» **PROBLEM TO SOLVE**: In the records below, find the line with "Opel Astra 1.6 16V VVT Station Wagon Enjoy" and repeat exactly every line from it through the line with "La Ribera Gastro Plaza - Photo 9". Pictures stay out.

» **TASK MATERIAL**:
══════
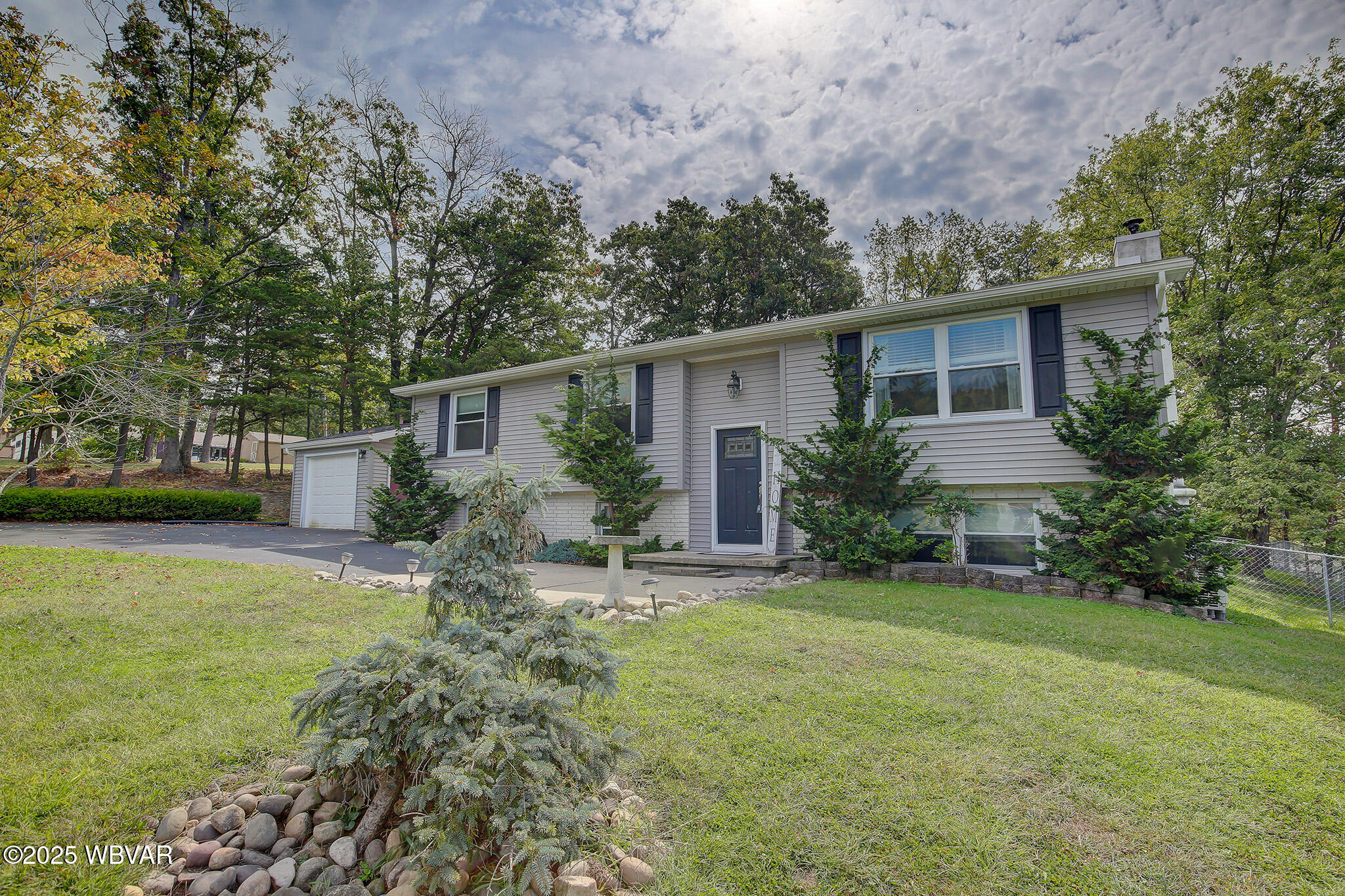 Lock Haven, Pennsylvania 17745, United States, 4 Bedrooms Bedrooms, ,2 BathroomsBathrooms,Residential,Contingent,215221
══════
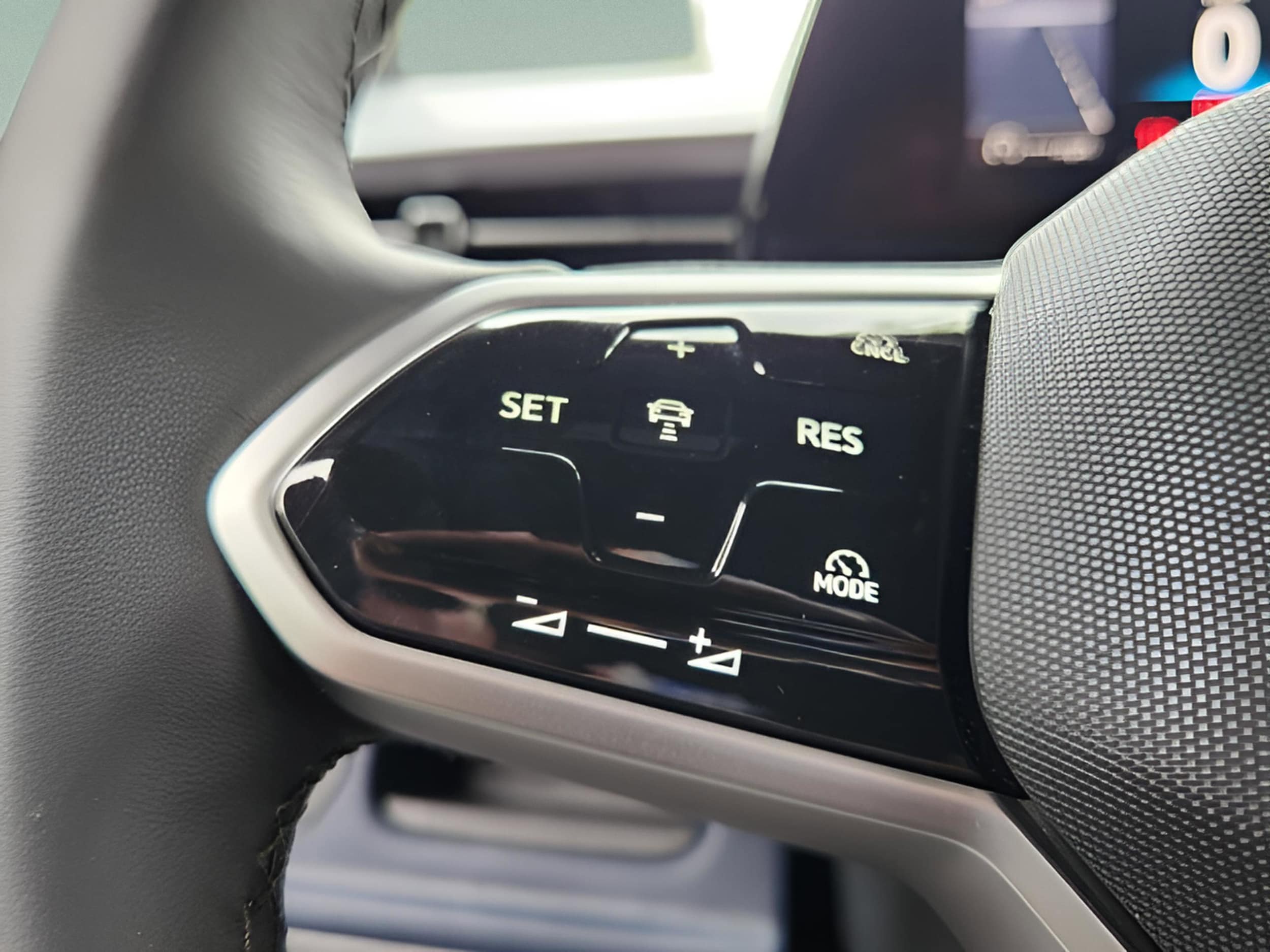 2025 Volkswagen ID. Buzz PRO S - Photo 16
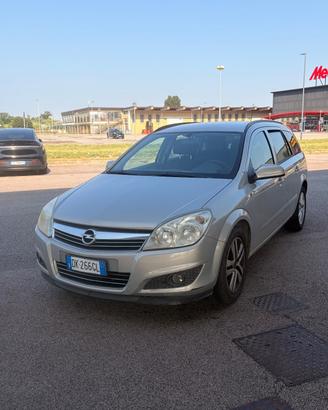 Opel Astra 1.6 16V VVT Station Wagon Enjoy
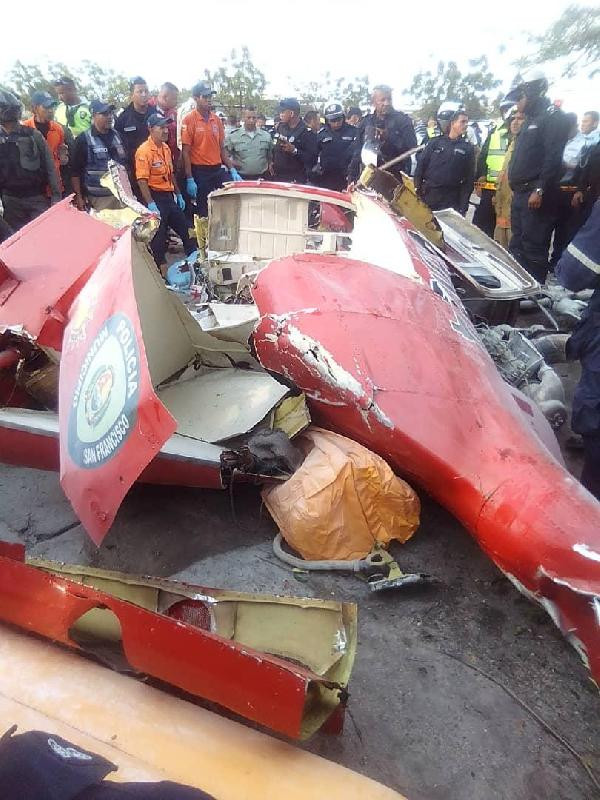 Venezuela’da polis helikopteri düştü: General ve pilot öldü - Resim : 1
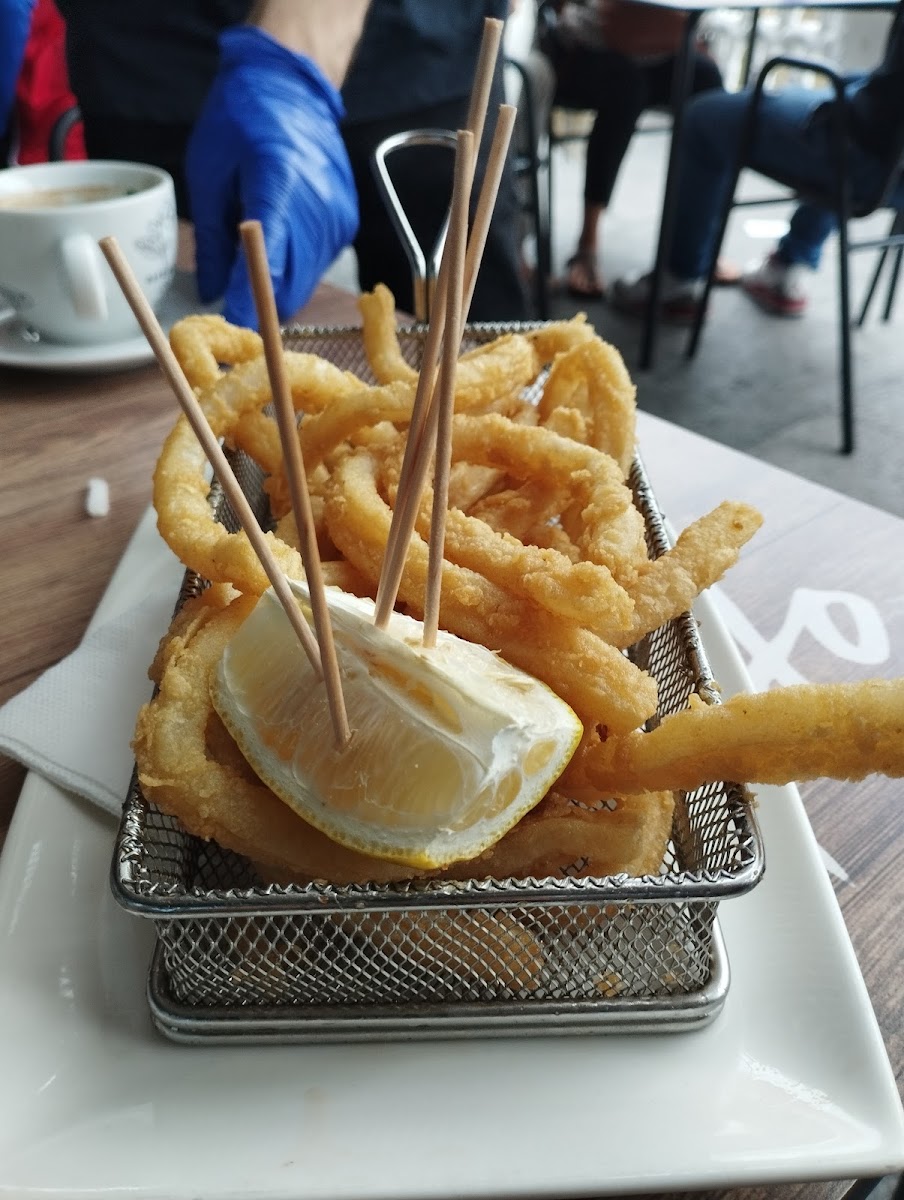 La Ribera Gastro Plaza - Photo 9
══════
» **EXERCISE OUTPUT**:
 Opel Astra 1.6 16V VVT Station Wagon Enjoy
 Venezuela’da polis helikopteri düştü: General ve pilot öldü - Resim : 1
 La Ribera Gastro Plaza - Photo 9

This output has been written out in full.